User:Daedalus/GSoC2024Proposal

From Apertium
Jump to navigation Jump to search

Contact Information[edit]

Name: Chaitanya Gambali

Location: India

University: Indian Institute of Technology (BHU) Varanasi

Email address: gschaitanya2003@gmail.com

IRC: daedealus03 (OFTC)
(previously daedalus in Google Code-In 2019)
@daedalus2003@matrix.org

Github: gs-chaitanya

LinkedIn: gs-chaitanya

Timezone: UTC+5:30

Background[edit]

I am currently pursuing a Bachelor of Technology Degree in Electronics and Communication Engineering at the highly prestigious Indian Institute of Technology (BHU) Varanasi. I love learning new languages, and I have a keen interest in Natural Language Processing and Linguistics. I have also contributed to Apertium previously in 2019 under Google Code-In 2019 and I was one of the six Finalists (Daedalus) selected for Google Code-In 2019 from Apertium.

Skills[edit]

  • Languages: Python, C/C++, JavaScript, bash
  • Frameworks: Numpy, Pandas, PyTorch, TensorFlow, etc.

Why Am I Interested in Apertium[edit]

In the world of Machine-Learning/Natural Language processing-based translation approaches, Apertium is a breath of fresh air and ingenuity. A rule-based approach to translation is very interesting and more interpretable compared to the data-hungry, uninterpretable black boxes that modern-day machine learning-based systems are. Apertium's open-source nature, combined with its support for low-resource languages, makes it a promising alternative to NLP-based translation methods that still fail to support a lot of languages.

Which of the published tasks am I interested in? What do I plan to do?[edit]

I am interested in the Task : Dictionary Induction from Parallel Corpora. The aim is to construct bidirectional dictionaries for a language pair, given a pair of parallel corpora - i.e., the same content in two different languages using a single program.

Coding Challenge[edit]

The coding challenge outlined here required me to develop a script that "reads two parallel corpora, applies the appropriate monolingual taggers and some word-aligner, and then prints a list of paired words." I successfully completed that task, and the source code can be accessed here. I built a Python script that used the Apertium monolingual aligners for the source and target aligner and then used elfomal for word alignment. I also experimented with other text aligners like efmaral and fast_align. The script was reviewed and approved by Daniel Swanson (@dangswan)

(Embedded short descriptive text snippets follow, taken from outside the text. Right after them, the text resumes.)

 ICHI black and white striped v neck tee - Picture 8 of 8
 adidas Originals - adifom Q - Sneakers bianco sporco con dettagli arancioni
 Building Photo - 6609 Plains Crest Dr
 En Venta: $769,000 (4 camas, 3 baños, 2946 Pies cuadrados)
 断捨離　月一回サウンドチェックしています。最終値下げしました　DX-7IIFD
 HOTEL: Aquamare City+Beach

Previous Contributions[edit]

  • Worked on the Apertium-English Dictionary [1]
  • Disambiguated 500 tokens of text in Apertium-Eng [2]
  • Worked on logo Design for UD-Annotatrix [3]
  • Documented usage of the Apertium-separable module (Wiki Username: Daedalus) [4]
  • Minor contributions to various wiki pages [5]


Proposal[edit]

Brief of Deliverables[edit]

The aim is to create a general program that can construct bidirectional dictionaries for a language pair, given a pair of parallel corpora - i.e., the same content in two different languages. ReTraTos was developed for this very purpose, but it is not very user-friendly at the moment and works in multiple steps. The objective is to build a modern alternative that does this job for the user in a single step and is much easier to use.

Mentors/Experienced members in Contact[edit]

Daniel Swanson
Previously worked with Jonathan Washington and Tino Didriksen in Google Code-In 2019

Why should Google and Apertium sponsor it?[edit]

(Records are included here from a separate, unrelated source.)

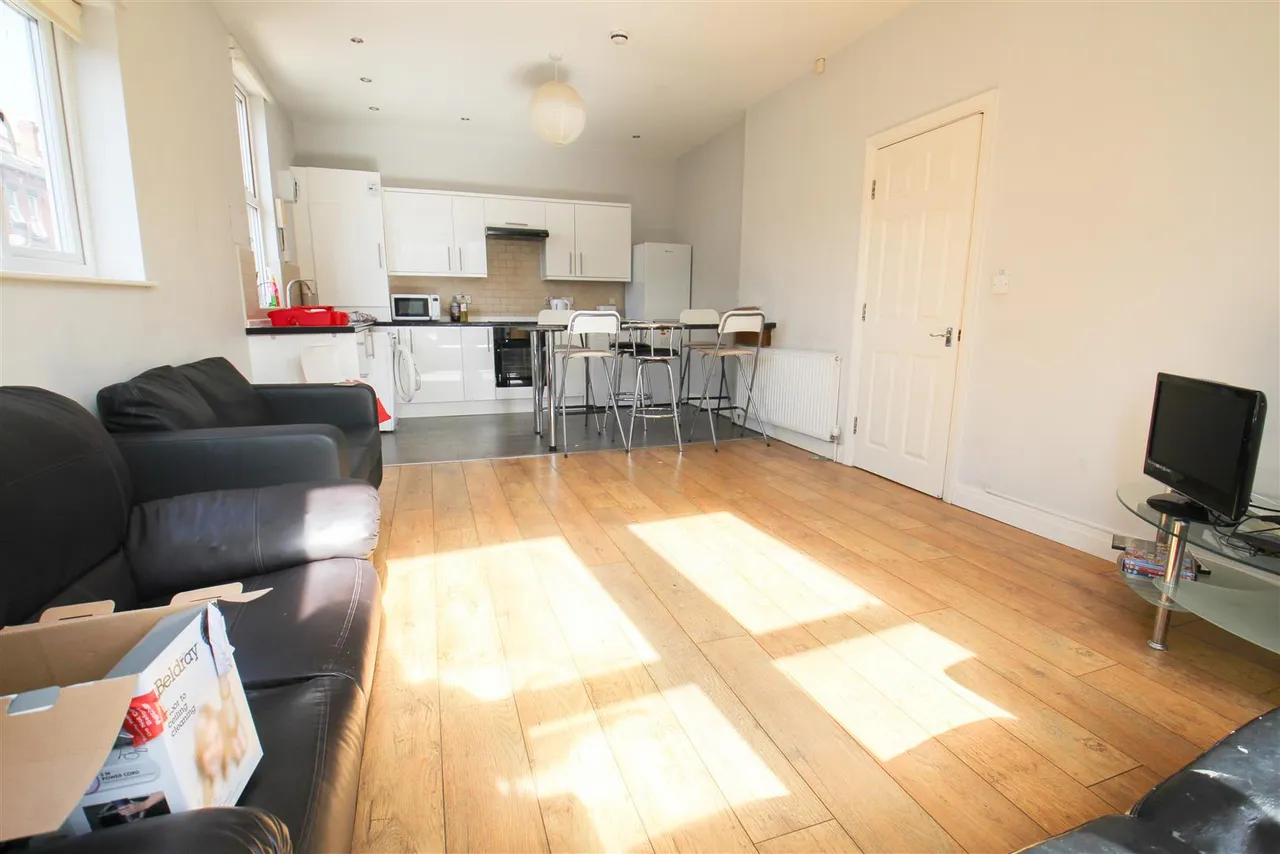Kirkstall Lane, Headingley, LS6, photo 2
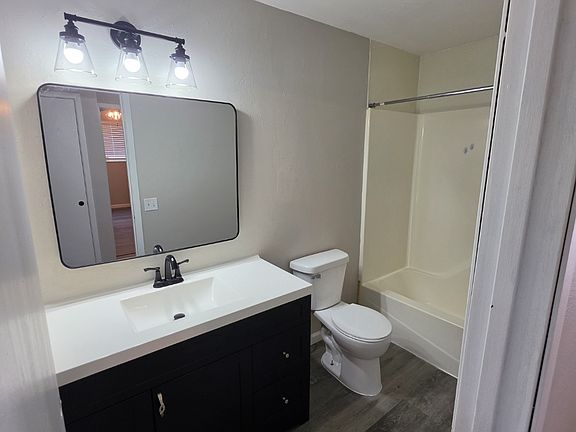 4th image of 3306 Saratoga Dr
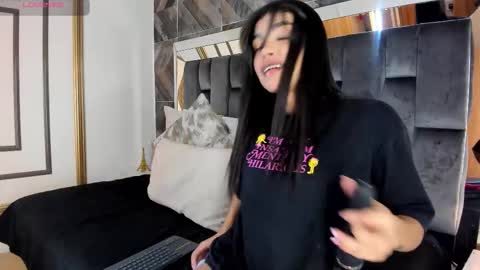 Snapshot of naylagrey chatting on January 17, 8:23 pm online show from January 17, 8:23 pm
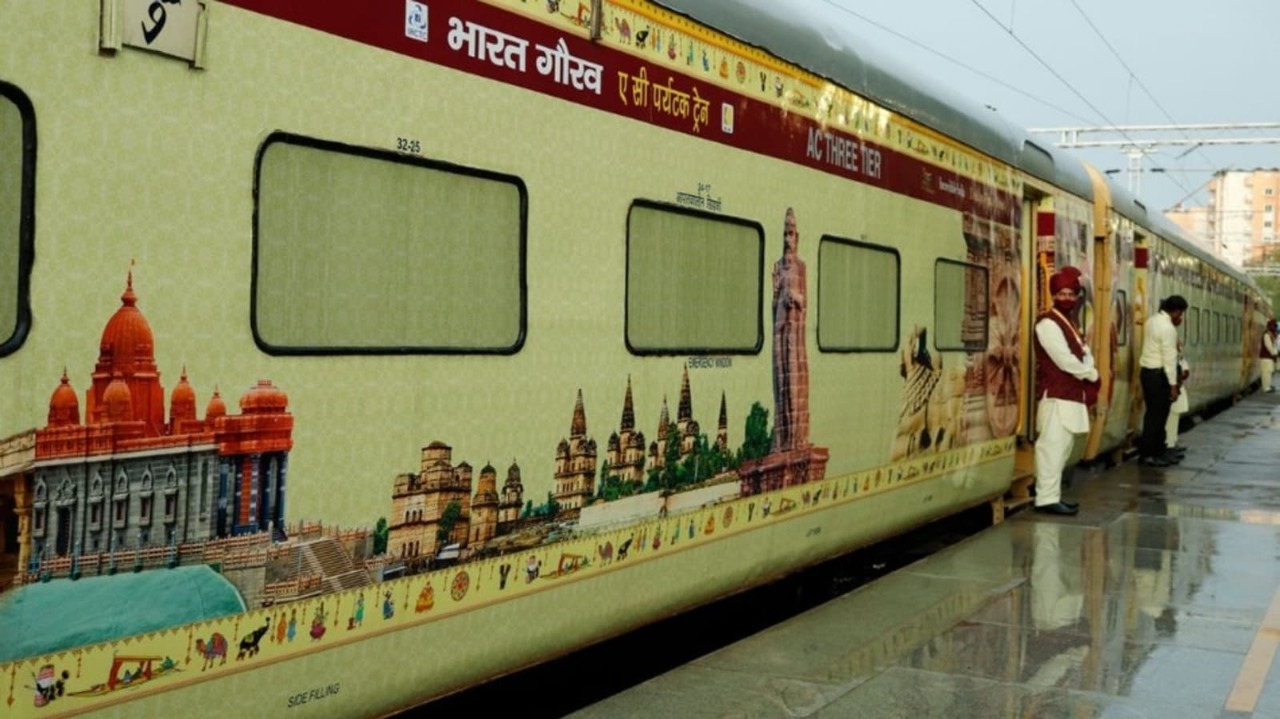 Now 5 Jyotirling Darshan Yatra by Bharat Gaurav Tourist Train, from February 4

The internet can serve as a huge repository of translated corpora. A tool that can build and update dictionaries using parallel corpora can greatly accelerate the development of language pairs and improve the capabilities of existing language pairs. It eliminates the need for manually developing bidirectional dictionaries to a great extent.

Work Plan[edit]

Timeline[edit]

Phase Description of Work Deliverable
Community bonding period:
May 1st -May 26th
Read carefully through all Apertium docs related to language pair development
Familiarizing myself with the Apertium Environment
Week 1 to Week 3
May 27th - June 16th
Add the POS Tagger to the script and the text aligner.
Experiment with various text aligners to see which gives the best results, starting with GIZA++. Other candidates include efmeral, elfomal, fast_align, etc.
The script in its current state should be able to produce an aligned and tagged version of the parallel corpora.
Week 4 to Week 6

June 17th to July 7th

Extend functionality to perform Dictionary Induction. Essentially, rewrite the Retratos_lex.pl script and integrate it with the previous script. A complete script that performs dictionary induction in one go.
Week 7 to Week 9

July 8th to July 28th

Perform comprehensive testing of the script.
Convert it into an executable binary if required.
The final script and the binary if required.
Week 10 to Week 12

July 29th to August 18th

Buffer Period - Incorporate any further changes if required Final script

Non-Summer of Code Plans[edit]

My final exams for the current semester will be completed by the first week of May 2024, and I have no plans other than GSoC for the summer of 2024. I can devote 20-30 hours per week, or more, as required to this project.